Embora o serviço tenha todas as ferramentas para identificar “fraudes”, jamais divulga publicamente o resultado dessas investigações. Somente informa ao artista ou criador de conteúdo envolvido.
Outro lado – Anitta.
A coluna enviou pedido ao “staff” de Anitta para que comentasse o caso descrito neste texto. Não houve nenhuma resposta até esta publicação. Se isso ocorrer, o texto será atualizado.
Ontem, Paulo Pimenta, assessor-chefe de Comunicação do “staff” da artista, publicou “carta aberta” relação ao caso. Leia a íntegra:
“Muito se fala sobre “Envolver e seu sucesso que dura até hoje no top 50 global do Spotify. A primeira cantora latina a chegar a posição #1 de forma solo é brasileira e se chama Anitta.
Foi ela mesma que lá atrás uma vez me disse que uma minoria sempre tende a elevar um artista só para depois ter o prazer de diminui-lo. Infelizmente, ela tem razão. Vamos aos números de “Envolver” nos últimos 28 dias?

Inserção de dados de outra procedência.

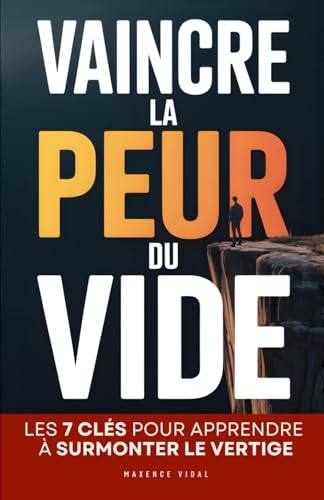 Vaincre la Peur du Vide: Les 7 Clés pour Surmonter le Vertige, Reprendre le Contrôle et Retrouver Confiance | Livre Contre le Vertige et l’Acrophobie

Reparem que o país que mais ouviu “Envolver” foi o Brasil: 38.420.876 de plays. Mas se você QUISER realmente estudar os resultados, a perspectiva muda.
Somados, os streamings dos 9 países que mais ouviram “Envolver” resultam em um número relevante e global: 42.801,64.
O Brasil é o segundo mercado consumidor de música do mundo em número de ouvintes digitais e sua população e território são continentais. Logo, existe uma lei de proporcionalidade. Seria óbvio que uma cantora tivesse tal resultado em seu próprio país? Não necessariamente. Mas, se tratando da Anitta, tudo muda de figura.
Enxergamos aqui outro fenômeno.
A cantora arrebatou seu país com um ritmo que não é brasileiro e em língua espanhola – não muito falada por aqui. Um posicionamento internacional de dentro para fora. Há quem diga que os fãs brasileiros ouviram muito Envolver. Mutirão.
Mas, isso é ruim? Vale ressaltar que Anitta tem mais ouvintes mensais nos Estados Unidos do que grandes cantoras americanas – é só QUERER pesquisar. Algumas poucas notícias sobre Envolver ainda podem revelar a teoria citada no início do texto.
Mas, ainda bem que a matemática não mente e que a grande maioria dos brasileiros ainda tem orgulho dos artistas nacionais e se envolveu com a Anitta ao ponto de quebrarem juntos barreiras nunca antes ultrapassadas. Paulo Pimenta, assessor de comunicação e imprensa de Anitta.”.
Especialistas.
Para dois paulistanos especializados em direitos autorais — a advogada Fernanda Rosa Picosse (propriedade intelectual), e o engenheiro Alexandre Trinhain (marcas e patentes)—, Anitta pode ser duplamente prejudicada com o caso.
1) Sua imagem ficar arranhada caso se comprove a manipulação;
2) Embora mais improvável, pode até ser banida das plataformas, além de não receber os royalties pelas reproduções que sejam comprovadamente fraudulentas.
“Esse tipo de fraude gera prejuízo financeiro para a plataforma, pois gera reproduções “fakes”, resultando em pagamentos de royalties que, nesse caso, seriam indevidos”, afirmam.